Eoneustes Temporal range: Bajocian - Bathonian, 168.5–167 Ma PreꞒ Ꞓ O S D C P T J K Pg N ↓

Scientific classification
- Domain: Eukaryota
- Kingdom: Animalia
- Phylum: Chordata
- Class: Reptilia
- Clade: Archosauria
- Clade: Pseudosuchia
- Clade: Crocodylomorpha
- Suborder: †Thalattosuchia
- Superfamily: †Metriorhynchoidea
- Genus: †Eoneustes Young et al., 2010
- Species: E. bathonicus (Mercier, 1933 [originally Metriorhynchus]); E. gaudryi (Collot, 1905 [originally Teleidosaurus]) (type);

= Eoneustes =

Extinct genus of reptiles

Eoneustes (meaning "dawn swimmer") is an extinct genus of metriorhynchoid crocodyliform from Middle Jurassic (late Bajocian to early Bathonian stage) deposits of France. Eoneustes was a carnivore that lived in the oceans and spent much, if not all, its life out at sea.

==Discovery and species==
- E. bathonicus: Western Europe (France) of the Middle Jurassic (early Bathonian).
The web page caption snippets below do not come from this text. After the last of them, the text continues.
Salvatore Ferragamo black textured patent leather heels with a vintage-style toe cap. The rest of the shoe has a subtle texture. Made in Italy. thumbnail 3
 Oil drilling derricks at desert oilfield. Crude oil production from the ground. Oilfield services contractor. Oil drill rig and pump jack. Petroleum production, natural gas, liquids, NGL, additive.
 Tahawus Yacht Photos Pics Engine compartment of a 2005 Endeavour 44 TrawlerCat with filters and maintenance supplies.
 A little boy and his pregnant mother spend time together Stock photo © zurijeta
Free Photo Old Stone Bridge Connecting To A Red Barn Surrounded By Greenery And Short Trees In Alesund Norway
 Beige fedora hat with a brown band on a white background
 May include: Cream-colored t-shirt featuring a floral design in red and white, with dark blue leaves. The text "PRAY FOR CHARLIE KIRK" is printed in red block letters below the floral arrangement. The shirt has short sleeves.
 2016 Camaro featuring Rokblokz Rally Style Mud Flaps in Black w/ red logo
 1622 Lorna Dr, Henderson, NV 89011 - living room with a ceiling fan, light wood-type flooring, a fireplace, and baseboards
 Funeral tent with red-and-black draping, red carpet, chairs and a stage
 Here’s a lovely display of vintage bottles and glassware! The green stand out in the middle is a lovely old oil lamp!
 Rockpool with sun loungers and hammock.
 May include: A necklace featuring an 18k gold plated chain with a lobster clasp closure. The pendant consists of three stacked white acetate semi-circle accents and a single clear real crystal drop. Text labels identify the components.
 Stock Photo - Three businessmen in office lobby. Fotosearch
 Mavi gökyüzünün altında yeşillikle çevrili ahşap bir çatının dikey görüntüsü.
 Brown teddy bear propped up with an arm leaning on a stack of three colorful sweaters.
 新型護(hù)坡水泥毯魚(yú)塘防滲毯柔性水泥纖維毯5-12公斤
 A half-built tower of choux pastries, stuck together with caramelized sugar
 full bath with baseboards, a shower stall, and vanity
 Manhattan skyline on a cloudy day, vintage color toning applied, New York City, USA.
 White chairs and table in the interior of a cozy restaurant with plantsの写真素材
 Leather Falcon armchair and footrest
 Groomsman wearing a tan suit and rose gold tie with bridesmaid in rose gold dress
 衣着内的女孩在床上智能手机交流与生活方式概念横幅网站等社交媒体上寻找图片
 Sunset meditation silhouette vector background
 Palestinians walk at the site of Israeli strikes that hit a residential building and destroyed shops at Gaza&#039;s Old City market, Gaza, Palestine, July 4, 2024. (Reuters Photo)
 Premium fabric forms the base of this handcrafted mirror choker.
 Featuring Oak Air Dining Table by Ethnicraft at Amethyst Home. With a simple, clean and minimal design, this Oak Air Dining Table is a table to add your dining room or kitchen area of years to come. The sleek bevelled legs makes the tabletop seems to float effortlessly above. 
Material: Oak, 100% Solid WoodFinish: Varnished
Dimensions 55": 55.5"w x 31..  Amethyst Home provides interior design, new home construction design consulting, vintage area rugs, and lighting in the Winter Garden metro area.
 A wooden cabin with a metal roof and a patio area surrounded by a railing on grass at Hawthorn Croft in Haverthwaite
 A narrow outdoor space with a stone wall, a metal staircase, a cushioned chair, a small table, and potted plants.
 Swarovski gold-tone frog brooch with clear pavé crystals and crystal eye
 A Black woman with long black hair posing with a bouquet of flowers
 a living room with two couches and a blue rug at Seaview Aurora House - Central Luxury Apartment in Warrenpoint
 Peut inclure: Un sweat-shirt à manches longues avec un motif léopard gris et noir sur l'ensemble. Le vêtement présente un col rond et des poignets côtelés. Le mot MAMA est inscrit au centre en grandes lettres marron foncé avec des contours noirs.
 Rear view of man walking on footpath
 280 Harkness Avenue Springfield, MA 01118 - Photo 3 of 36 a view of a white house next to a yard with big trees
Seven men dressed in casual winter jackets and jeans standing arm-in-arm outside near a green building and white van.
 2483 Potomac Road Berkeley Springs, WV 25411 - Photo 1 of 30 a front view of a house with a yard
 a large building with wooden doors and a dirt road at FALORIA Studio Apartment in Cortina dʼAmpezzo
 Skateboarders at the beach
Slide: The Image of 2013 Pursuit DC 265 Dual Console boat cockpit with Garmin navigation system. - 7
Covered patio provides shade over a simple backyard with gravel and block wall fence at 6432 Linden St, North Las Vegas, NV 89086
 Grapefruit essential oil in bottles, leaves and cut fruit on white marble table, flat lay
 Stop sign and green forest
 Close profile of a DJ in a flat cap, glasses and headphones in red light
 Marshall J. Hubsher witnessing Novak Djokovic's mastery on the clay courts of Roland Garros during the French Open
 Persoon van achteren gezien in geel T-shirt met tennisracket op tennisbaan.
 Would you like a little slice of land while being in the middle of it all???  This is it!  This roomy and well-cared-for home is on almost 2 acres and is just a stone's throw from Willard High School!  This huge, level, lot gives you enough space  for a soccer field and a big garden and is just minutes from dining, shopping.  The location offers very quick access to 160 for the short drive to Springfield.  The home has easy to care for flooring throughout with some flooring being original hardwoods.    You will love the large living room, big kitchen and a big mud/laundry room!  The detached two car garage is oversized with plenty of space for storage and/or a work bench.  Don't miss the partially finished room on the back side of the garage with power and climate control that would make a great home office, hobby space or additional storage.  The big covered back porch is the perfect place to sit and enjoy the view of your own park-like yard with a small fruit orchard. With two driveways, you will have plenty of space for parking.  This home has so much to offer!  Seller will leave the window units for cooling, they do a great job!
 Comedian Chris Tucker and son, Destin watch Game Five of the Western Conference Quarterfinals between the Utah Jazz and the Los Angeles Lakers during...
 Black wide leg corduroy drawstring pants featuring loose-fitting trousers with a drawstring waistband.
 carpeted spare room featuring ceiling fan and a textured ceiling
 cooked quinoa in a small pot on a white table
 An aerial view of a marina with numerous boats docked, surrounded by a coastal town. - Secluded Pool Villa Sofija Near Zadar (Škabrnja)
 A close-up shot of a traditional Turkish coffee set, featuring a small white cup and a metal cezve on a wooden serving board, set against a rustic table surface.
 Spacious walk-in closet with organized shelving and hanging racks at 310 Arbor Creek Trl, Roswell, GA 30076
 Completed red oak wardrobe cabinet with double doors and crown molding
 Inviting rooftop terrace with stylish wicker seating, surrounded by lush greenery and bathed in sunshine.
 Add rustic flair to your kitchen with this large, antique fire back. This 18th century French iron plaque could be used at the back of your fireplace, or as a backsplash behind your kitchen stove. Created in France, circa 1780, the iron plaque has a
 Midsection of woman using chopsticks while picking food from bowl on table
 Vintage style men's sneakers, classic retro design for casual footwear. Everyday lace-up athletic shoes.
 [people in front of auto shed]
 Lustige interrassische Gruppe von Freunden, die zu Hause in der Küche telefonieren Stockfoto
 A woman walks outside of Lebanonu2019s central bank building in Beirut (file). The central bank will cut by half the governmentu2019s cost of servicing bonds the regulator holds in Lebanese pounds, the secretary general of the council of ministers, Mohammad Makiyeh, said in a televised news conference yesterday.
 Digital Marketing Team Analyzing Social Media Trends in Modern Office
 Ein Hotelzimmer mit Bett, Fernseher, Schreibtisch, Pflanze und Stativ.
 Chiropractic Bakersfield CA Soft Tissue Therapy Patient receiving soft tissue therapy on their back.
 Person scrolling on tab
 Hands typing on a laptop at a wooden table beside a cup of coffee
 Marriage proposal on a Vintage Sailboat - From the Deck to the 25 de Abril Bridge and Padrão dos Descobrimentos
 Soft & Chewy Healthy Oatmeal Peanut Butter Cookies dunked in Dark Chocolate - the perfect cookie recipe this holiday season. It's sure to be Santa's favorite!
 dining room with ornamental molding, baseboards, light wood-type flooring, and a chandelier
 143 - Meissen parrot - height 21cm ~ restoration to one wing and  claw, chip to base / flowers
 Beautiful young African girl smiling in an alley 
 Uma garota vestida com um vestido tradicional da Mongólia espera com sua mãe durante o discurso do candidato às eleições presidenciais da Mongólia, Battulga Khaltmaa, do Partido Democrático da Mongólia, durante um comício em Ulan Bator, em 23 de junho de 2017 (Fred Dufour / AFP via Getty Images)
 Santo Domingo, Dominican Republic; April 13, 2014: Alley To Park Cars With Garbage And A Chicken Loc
It is known from holotype from Calvados of Normandy, that was lost during the Second World War.
- E. gaudryi: Western Europe (France) of the Middle Jurassic (late Bajocian to early Bathonian). It is known from the holotype NHM R.3353, a partial skull from Côte d’Or, Burgundy and the referred specimen from which housed at Université Claude Bernard Lyon I, F.S.L. 330210, another partial skull from Alpes-de-Haute-Provence, France.